Joost deelt vier bijzondere verhalen…

Joost deelt vier bijzondere verhalen…

… over vier onopvallende planten, die we tijdens ZOMERZIN ’23 op #andereschoenen mochten leren kennen en waarderen en niet gauw meer zullen vergeten!

Planten en hun naam zeggen veel over taal en over oude taal. Lees en ontdek de betekenis achter BRANDNETEL, MOERASSPIREA, HEKSENKRUID en SMALLE WEEGBREE.


Brandnetel (Urtica dioica)

De brandnetel, welk een interessante plant: algemeen voorkomend, door iedereen gekend en door niemand geliefd, omdat de plant brandt in de hand wanneer je ze vastpakt. Brandnetel, Grote brandnetel om volledig te zijn, Urtica dioica: van het Latijn urere (wat branden is) en van tweehuizig (di en oikos). Netel, het tweede deel van de Nederlandse naam, gaat terug naar het Oudduitse woord “nezzila” wat branden of jeuken betekent; en “nezzi” is dan ook Oudduits voor getwijnd garen. Want reeds lang gebruikt men de vezels van de netel om te weven: neteldoek. Nestorius (Patriarch van Constantinopel, 4e eeuw) vermeldt neteldoek als stof voor prachtige kerkgewaden. Neteldoek is ‘recent’ of langzamerhand wel verdrongen door katoen en kunstvezel. Vezels van netel ook om touw te twijnen.

Twijnen als basishandeling om touw van natuurlijke vezels te bekomen: niet alleen netel, ook bv braam. Het is deel van bushcraftkampen voor de jongeren geworden. Het is een manier om dichter bij de natuur te komen, om te ontdekken en te ervaren.

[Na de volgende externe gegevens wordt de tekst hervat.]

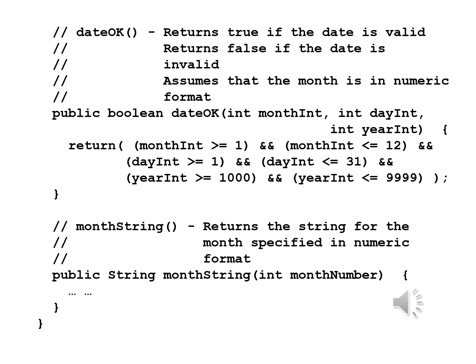The last method we write in the class is monthString, which will return the string for the month specified in numeric format. Public String monthString int monthNumber.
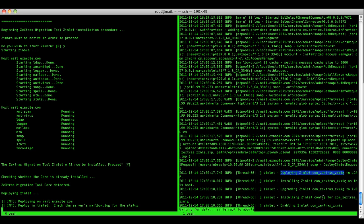As you can see, the Zimlet has been deployed and enabled, so the installation is finished.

Brandnetel is ook succesvol als geneeskrachtige plant of als kruid om met andere planten verwerkt te worden in gerechten. Opmerkelijk is dat de plant geprezen wordt als antihistamine. De plant vermindert de productie van het stofje histamine. Dit is een natuurlijk eiwit dat je lichaam overmatig produceert als je allergisch bent voor pollen. Als jouw histaminespiegel te hoog wordt, krijg je klachten als niezen, jeuk, waterige ogen of een loopneus. Brandnetelthee, brandnetellimonade, brandnetelmocktails, wie weet helpt het om allergieën te weerstaan.

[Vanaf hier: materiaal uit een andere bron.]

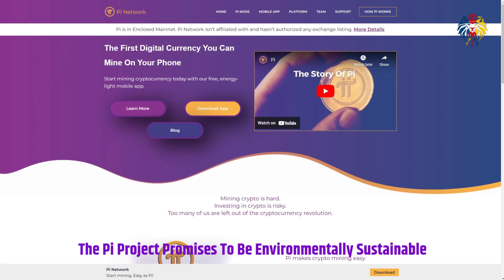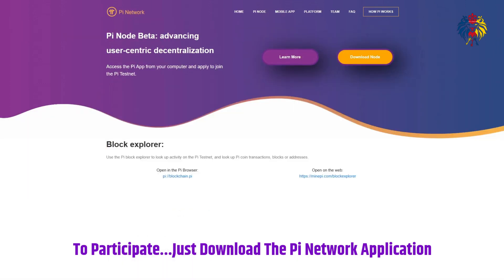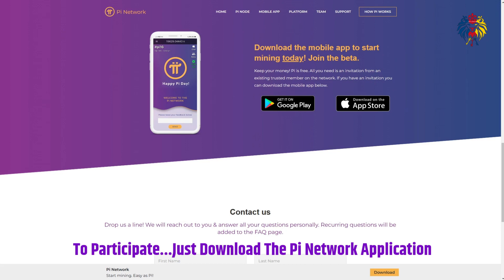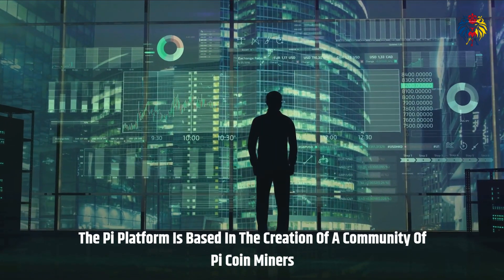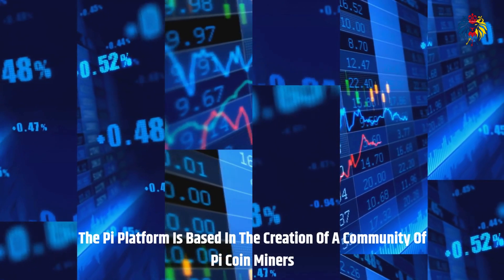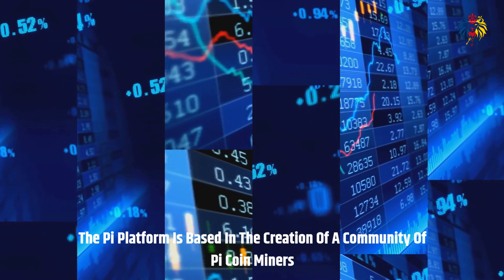The Pi project promises to be environmentally sustainable, which may help attract climate-conscious investors, especially since the crypto market has been reprimanded for its energy-intensive proof-of-work consensus protocols. To participate, users only need to download the Pi Network app onto their phone and press a button every 24 hours. Pi mining is technically not crypto mining since no transactions are being confirmed yet — users receive Pi tokens for accessing the app once per day and demonstrating they are not a robot. The Pi platform is community-based, where members join exclusively by invitation using a referral code, and receive rewards in new Pi coins for each direct referral.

En tot slot, in een spreekwoordenboek van 1727 lees ik:

De netel geeft den slaap aan kranken, weert het braaken.

Haar zaad met honig kan gezond van darmen maken.

’t Geneest ook ouden hoest, wanneer men ’t dikwijls drinkt.

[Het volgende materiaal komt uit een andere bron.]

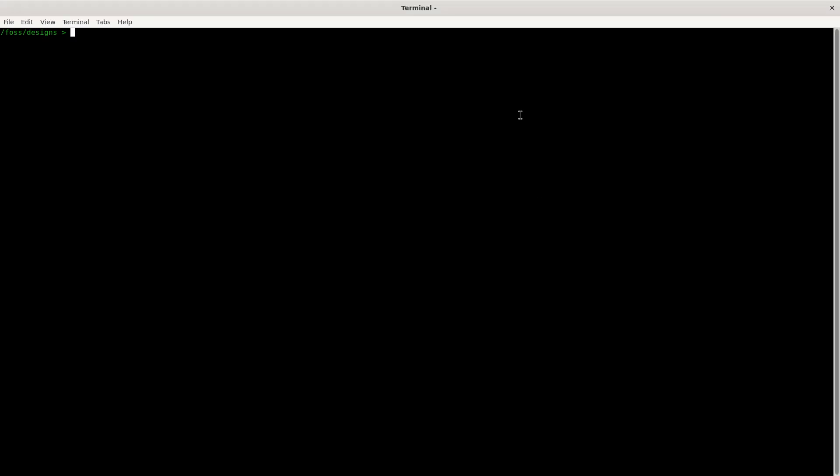In the first part you should have learned how to set up the docker container and you should see now a terminal in front of you. Before we start with the tutorial itself we need to set up the PDK accordingly.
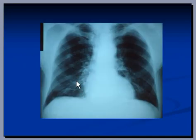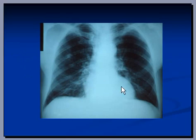So there is a density here, here, and multiple densities in this area and in this area as well.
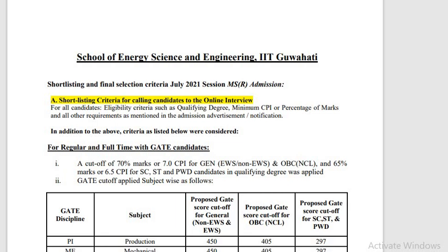In IIT Guwahati, even if you are just qualified, you can apply. Maybe you get a call, and if you maximize your performance in the interview, if the interview goes very well, then you get a seat — 100%. It doesn't matter how much your GATE score is; only the interview matters. If your CPI and everything are good, you will get a chance in IIT Guwahati.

Zij maakt dat longenkou verdwijnt, buikzwelling slinkt.

En alle qualen der gewrichten

Kan zij genezen, of verlichten.

(Joost Tresignie, Opvelp, 27 juli 2023)


Moerasspirea (Filipendula ulmaria)

Tijdens de prospectie voor 15/08 en 20/08 treffen wij in de buurt van het Kastanjebos massaal moerasspirea. Indrukwekkend veel zelfs: het nodigt uit om meer te weten willen komen over deze merkwaardige plant. De Latijnse naam is de samenstelling van filum (draad) en pendulus (hangend): de wortels zijn gemaakt van knolletjes die aan de worteldraden hangen. De Nederlandse naam verwijst naar vochtige, natte omgeving; spirea is de vroegere geslachtsnaam. De plant krijgt ook wel de naam Geitenbaard omdat de bloeiwijze doet denken aan de sik van een geit. De oude Latijnse naam is immers Barba Caprae. Een andere oude Latijnse benaming is Regina prati, koningin van de weiden. En inderdaad, wij stonden allebei bewonderd te kijken naar zoveel schoonheid. In middeleeuwse teksten lees ik: “…omdat sy so fray ende sierlyck in de velden en weyen staet.” En van Sigismund (15e eeuw) onthoud ik dit vers:

O Dolden auf mächt’gen

Stämmen, mit prächt‘gen

Schirmen, ihr Riesen

Der blumigen Wiesen!

John Gerard, een kruidenwetenschapper die voornamelijk boeken van Rembert Dodoens vertaalde, schreef in 1597 over dit welriekende kruid: ´De bladeren en bloemen van moerasspirea zijn veel beter dan ander strooikruid… het hart wordt vrolijk en blij en de zintuigen brengt het in verrukking.´ 

Net zoals wilg (salix) bevat de plant salicine, het bestanddeel voor de pijnstiller aspirine. Maar bovenal ruikt ze lekker. Een bloementrosje in mijn hand: amandelgeur in mijn neus…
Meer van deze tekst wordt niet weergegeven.